What is expected. All the data that follows should be repeated exactly, without a single picture.

Source material.
------------------------------------------------------------------------

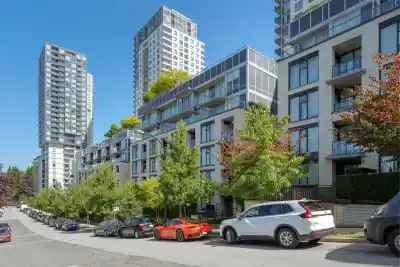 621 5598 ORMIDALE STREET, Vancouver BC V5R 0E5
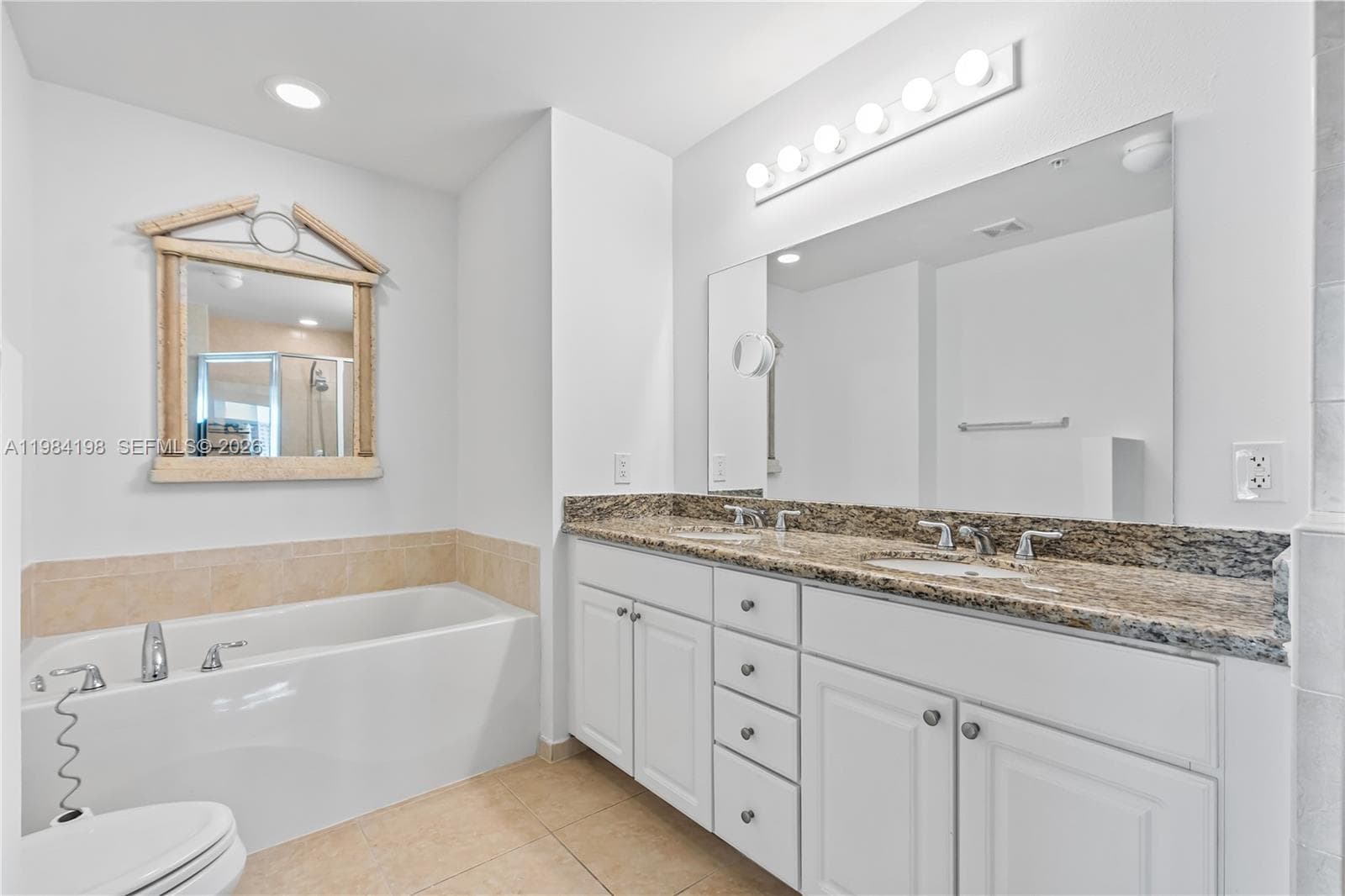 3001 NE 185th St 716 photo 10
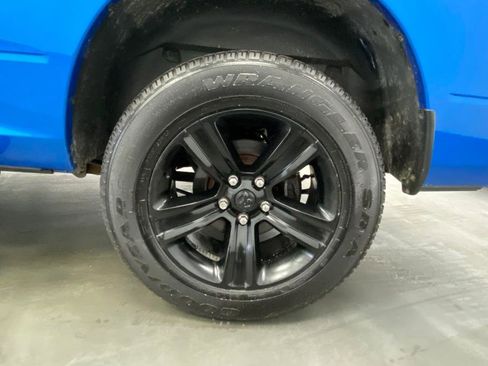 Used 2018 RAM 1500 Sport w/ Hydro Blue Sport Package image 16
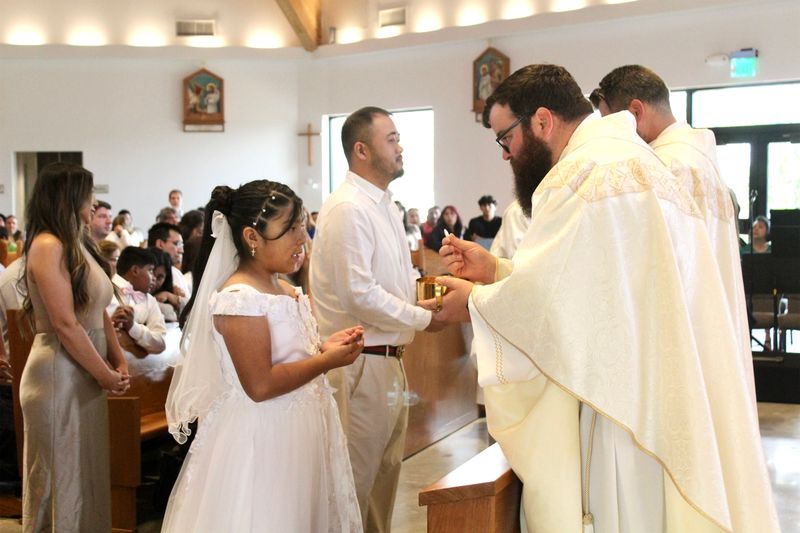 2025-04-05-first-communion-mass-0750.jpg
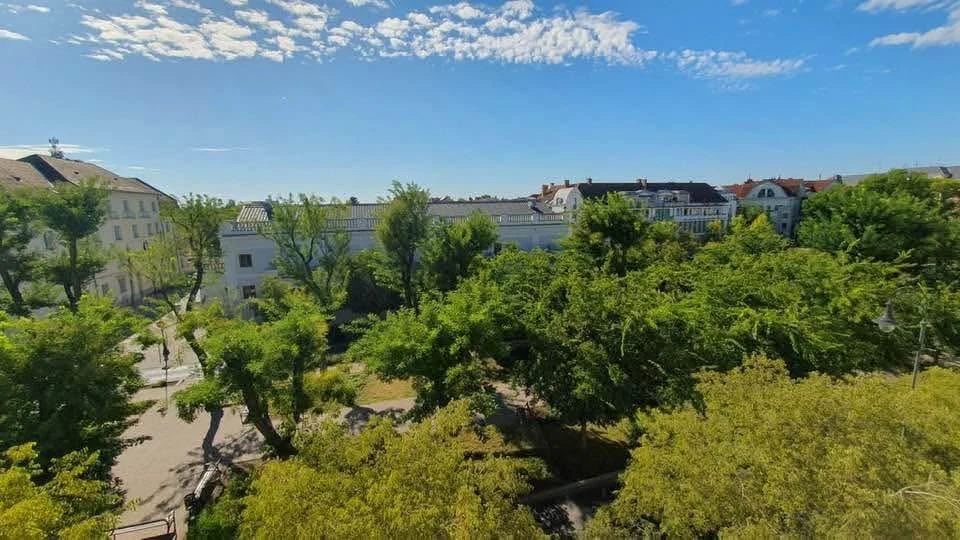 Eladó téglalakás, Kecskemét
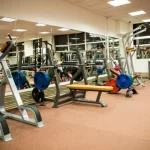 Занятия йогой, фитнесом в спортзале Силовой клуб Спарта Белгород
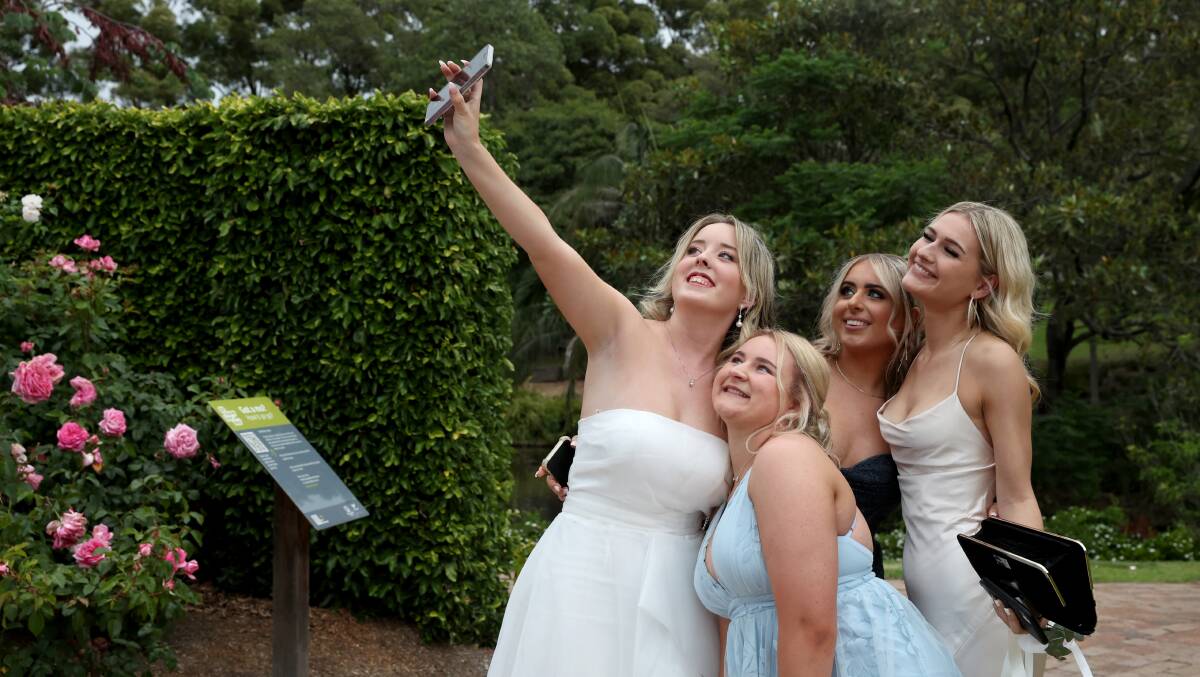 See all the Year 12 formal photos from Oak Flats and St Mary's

------------------------------------------------------------------------

Result of this exercise.
 621 5598 ORMIDALE STREET, Vancouver BC V5R 0E5
 3001 NE 185th St 716 photo 10
 Used 2018 RAM 1500 Sport w/ Hydro Blue Sport Package image 16
 2025-04-05-first-communion-mass-0750.jpg
 Eladó téglalakás, Kecskemét
 Занятия йогой, фитнесом в спортзале Силовой клуб Спарта Белгород
 See all the Year 12 formal photos from Oak Flats and St Mary's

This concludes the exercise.